Hofman's record at FLC is far and away the best in school history. His FLC teams have posted an overall record of 359-190 (.654) and a Rocky Mountain Athletic Conference record of 245-115 (.683). During his tenure in Durango, Hofman's Skyhawks and Raiders have won three RMAC regular season crowns, four RMAC postseason championships, six RMAC West Division trophies and seven NCAA Division II playoff berths.
With his first victory in 2011-12 campaign, Hofman reached 400 career-victory milestone at the college level. His overall collegiate coaching record through the 2012-13 season is 437-280 (.609) in 25 seasons, which includes stints at NCAA Division I Eastern Washington University (32-54 from 1987-90) and RMAC rival Western State College (82-55 from 1995-2000). At the NCAA Division II level, he has posted a 405-226 record (.643) in 22 seasons.
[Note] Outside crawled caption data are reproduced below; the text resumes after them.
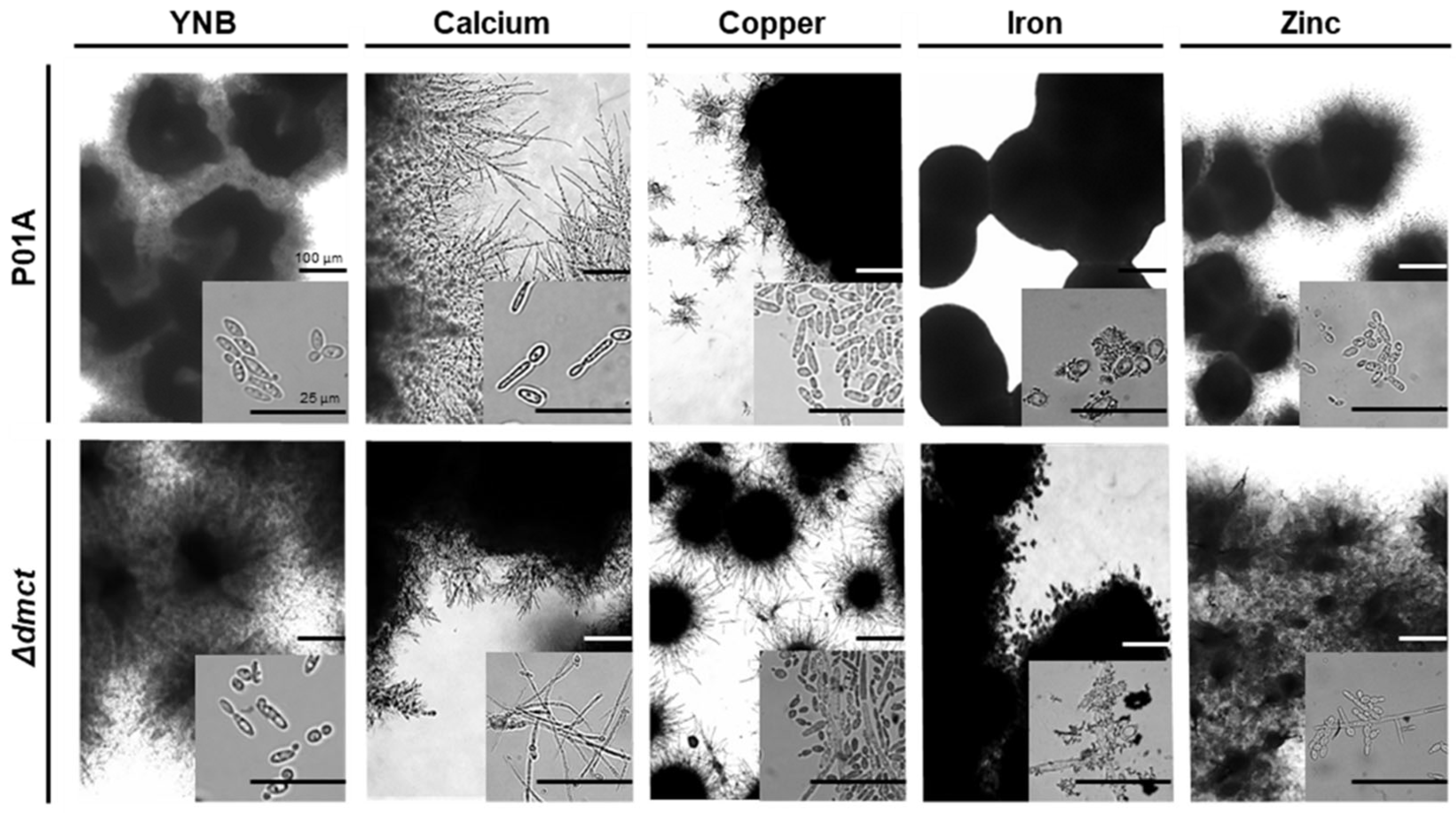 Jof 09 00600 g006 Jof 09 00600 g006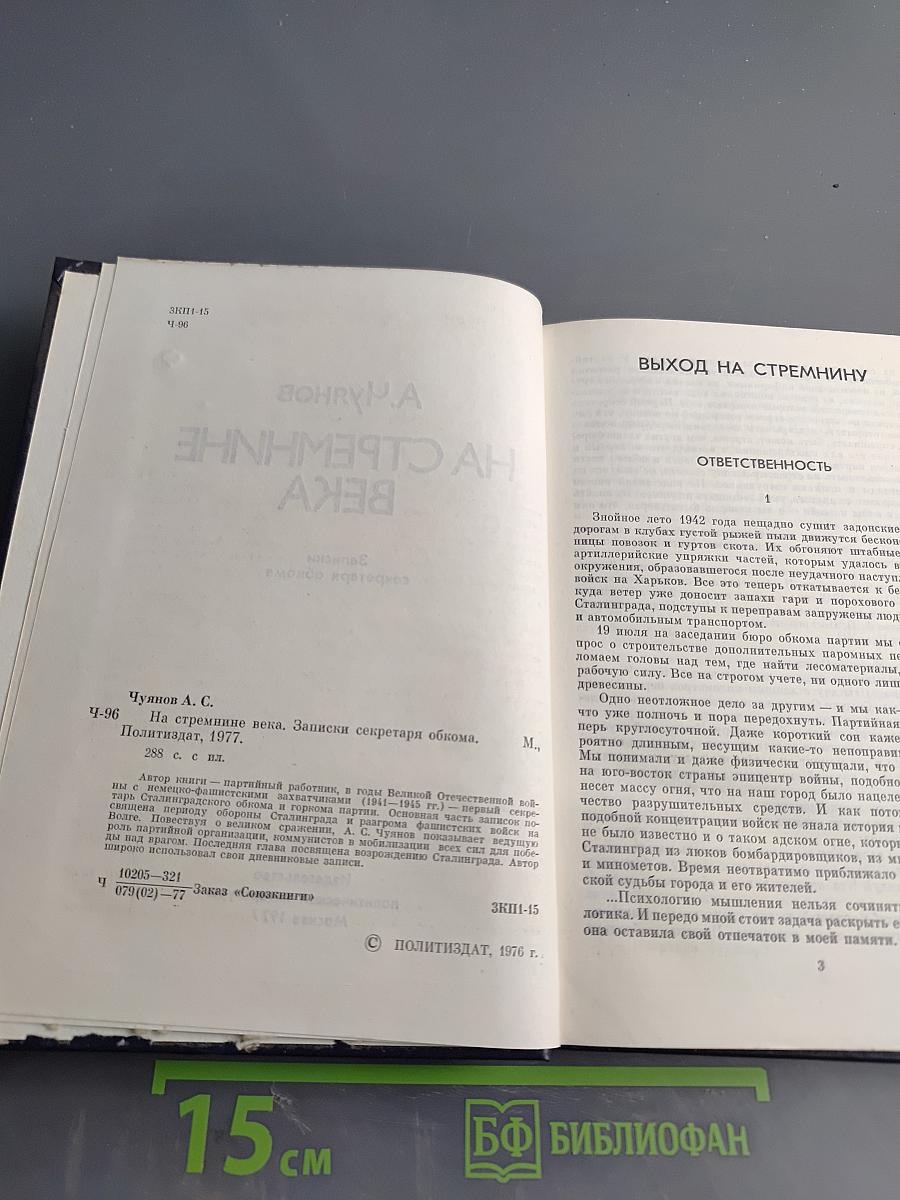 На стремнине века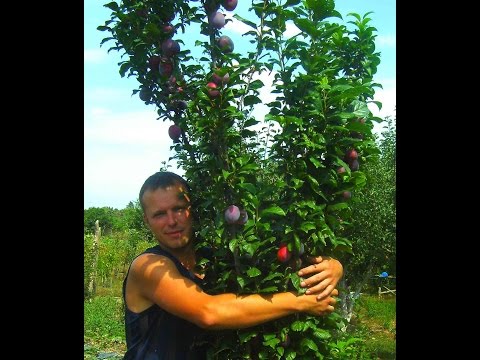 Video: Kichina Plum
Even more impressive is his record since returning to Fort Lewis in 2000-01. During this time span, Hofman's troops have won two RMAC regular season titles, three RMAC Shootouts, six RMAC West Division crowns and qualified for the NCAA Division II playoffs eight times. During this time, his overall record is 259-124 (.676), while his RMAC slate is 178-78 (.695). The Skyhawks have finished no lower than second in the RMAC West since the 2001-02 season, when they captured West Division and RMAC Shootout titles.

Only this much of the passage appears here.